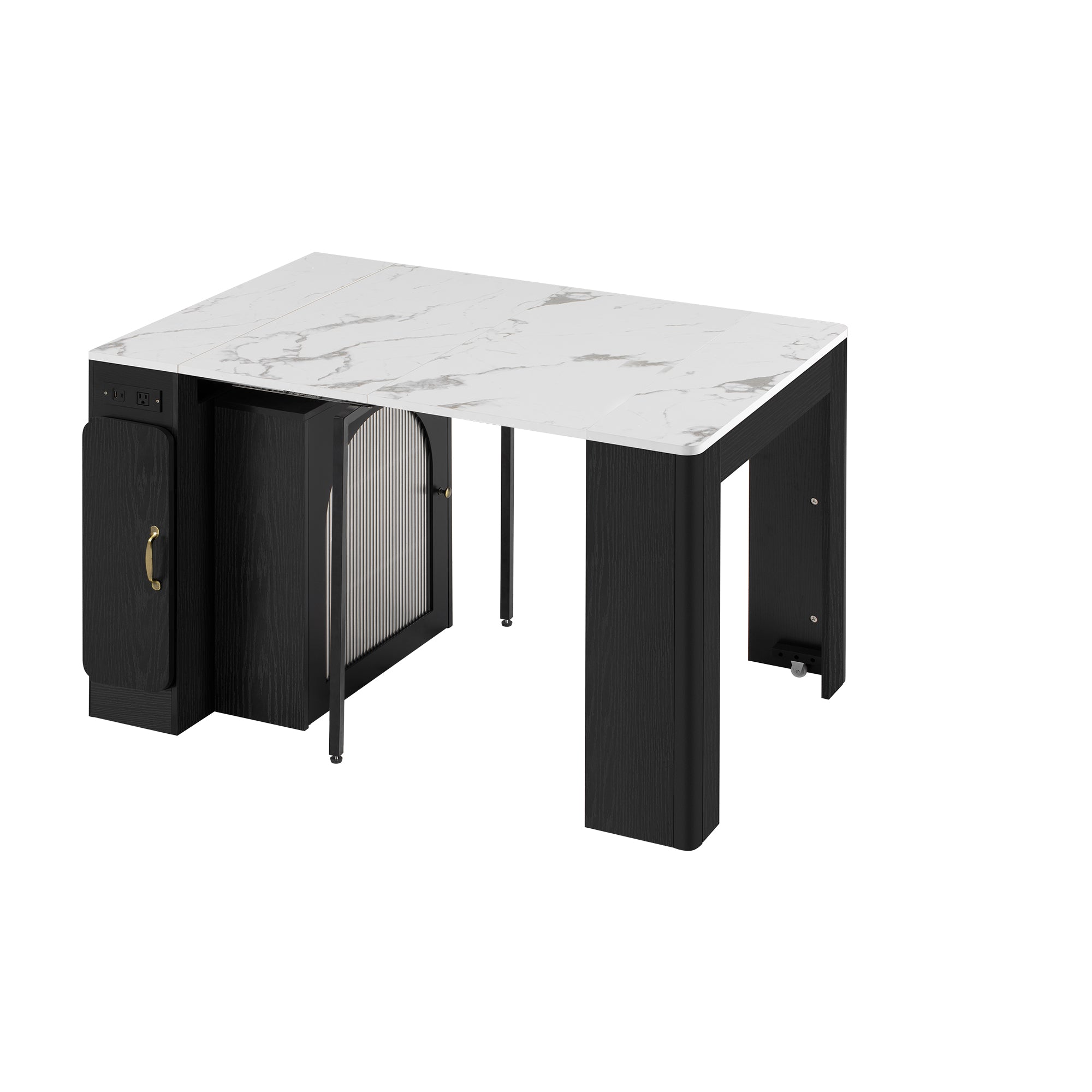 [variant:XW000024AAB-CA] Rolling Kitchen Island with Extendable Dining Table image 36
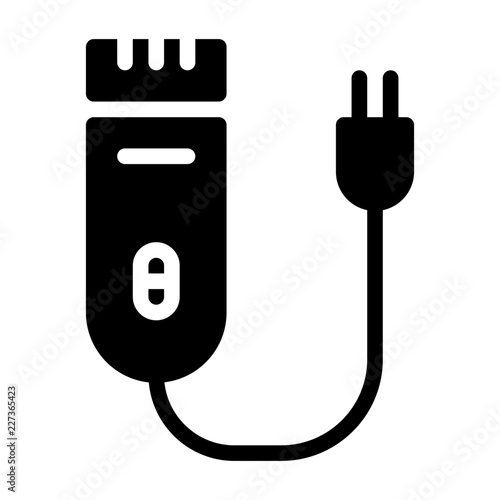 Electric Shaver Hairdresser Barber Coiffeur Haircutter vector icon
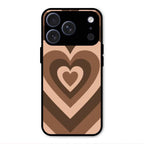 Latte Love Patter Glass Case Cover - Coffee For iPhone 17 Pro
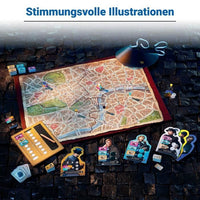 Gioco di strategia Sherlock Holmes di Scotland Yard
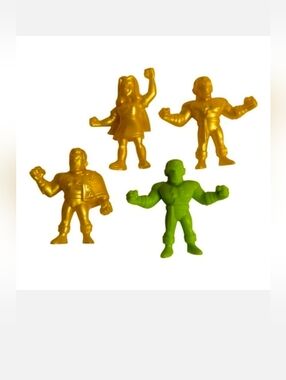 4 Wendy's Kids Meal Series 2 DC Comics 2025 Super Hero Green Gold Figures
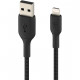 Belkin Lightning Lade/Sync Kabel ummantelt mfi 15cm schwarz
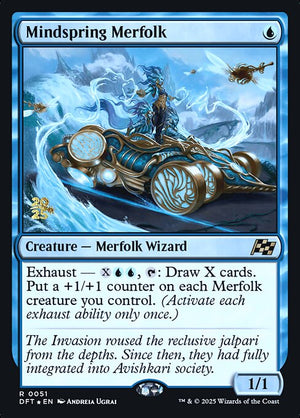 Mindspring Merfolk (51s) [Aetherdrift Promos]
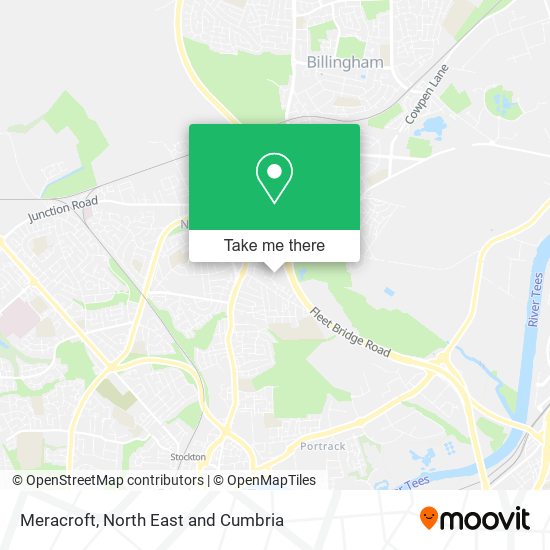 Meracroft map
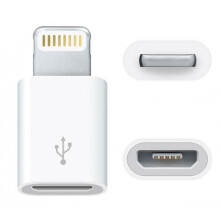Micro-USB to Lightning Adapter - White White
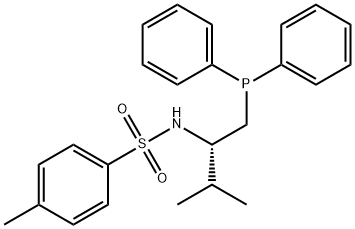 N-[(1S)-1-[(二苯膦基)甲基]-2-甲基丙基]-4-甲基苯磺酰胺 结构式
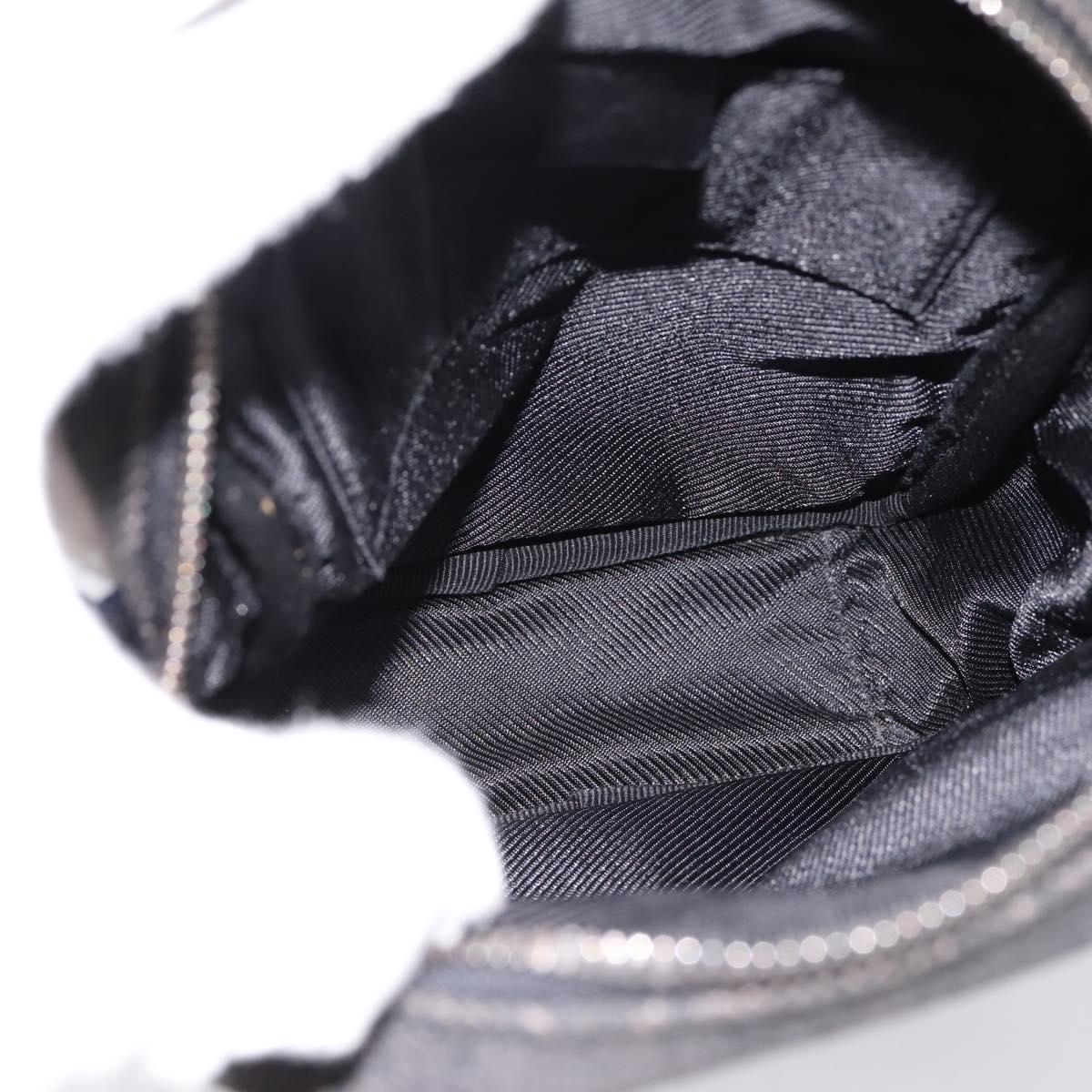 GUCCI GG Canvas Shoulder Bag Black Silver 101680 Auth ka5778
========================================================================
» What needs to be done: Exactly the lines from the line with "Belkin Lightning Lade/Sync" through the last line of the listing, both included, should be extracted, and the pictures left behind.

» Solution for this task:
 Belkin Lightning Lade/Sync Kabel ummantelt mfi 15cm schwarz
 Mindspring Merfolk (51s) [Aetherdrift Promos]
 Meracroft map
Micro-USB to Lightning Adapter - White White
 N-[(1S)-1-[(二苯膦基)甲基]-2-甲基丙基]-4-甲基苯磺酰胺 结构式
 GUCCI GG Canvas Shoulder Bag Black Silver 101680 Auth ka5778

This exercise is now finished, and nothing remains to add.